No one is fooled by her words on working in the best interests of Scotland when she has publicly stated that “self governance transcends Brexit, oil, national wealth and balance sheets”.
The SNP’s record in government over the last nine years shows that its obsessive goal of independence also clearly transcends achieving an adequate health service, decent education standards, an efficiently functional police force and a stable economy.
Ms Sturgeon’s confident intransigence on Brexit and her apparent desire to be ruled by Brussels rather than cooperate with the rest of the United Kingdom, may be a miscalculation based on the EU referendum result in Scotland.
Out of a total electorate of 4.13 million voters, 1.6 million voted to remain in the EU.

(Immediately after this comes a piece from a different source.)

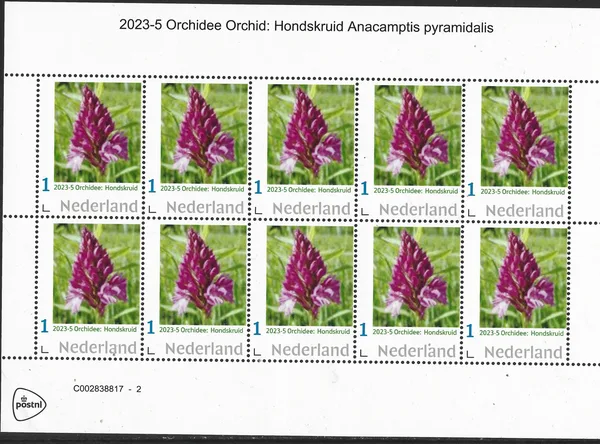 Netherlands 2023-5 Orchid: Cynoglossum sheet MNH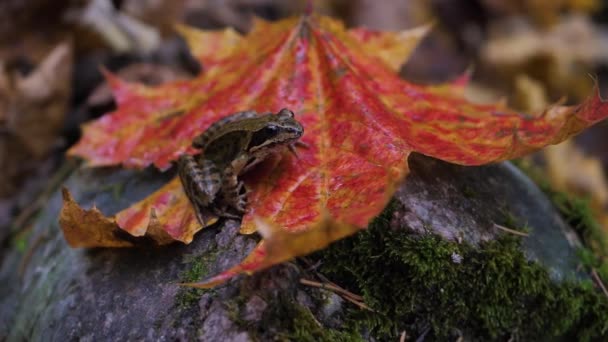Коричневая Лягушка Осенью Сидит Кленовом Листе — стоковое видео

That equates to only 38.7% of Scots voting to remain, which is hardly a resounding mandate and something she may wish to ponder before pushing Scots to choose between remaining part of the UK or joining a dysfunctional EU.
She has also stated that she was not prepared to sit back and watch Scotland being driven off a Hard Brexit cliff edge, because the implications for jobs, the economy and living standards were too serious.
Yet here we have a Scottish Government that would happily ditch our largest trading partner, risking jobs, run a deficit of £15 billion and debts of £150bn with all the negative implications that it has for living standards, while having no clue as to what currency to adopt and no guarantee that they’d be able to join anytime soon its precious EU as a poodle state.
It would seem that Ms Sturgeon is determined to “save” us from her imagined Brexit cliff edge with the intention of driving us relentlessly towards the infinitely more dangerous political precipice of independence.
Iain G Richmond.
Guildy House,
Monikie.
Fund your own referendum
Sir, – Nicola Sturgeon should heed her party’s former leader that there is very little appetite in Scotland for a further referendum on Scottish independence.
Hard-pressed British taxpayers might suggest, if she decides to ignore Gordon Wilson and other advisers, that her party should pay referendum costs out of its own funds. The SNP could ask supporters like Sir Brian Souter to pay.
RHL Mulheron.
28 Cowgate,
Tayport.
Remembering all who died
Sir, – On behalf of the Festival of Remembrance Committee, may I endorse, and indeed commend, the recent letter by JA Laing.
Inevitably at these times, remembrance centres on the dead of two world wars but there are many more whose remembrance is equally worthy, who lost their lives in our nation’s service, whether in the many smaller wars since, or even in training accidents and similar.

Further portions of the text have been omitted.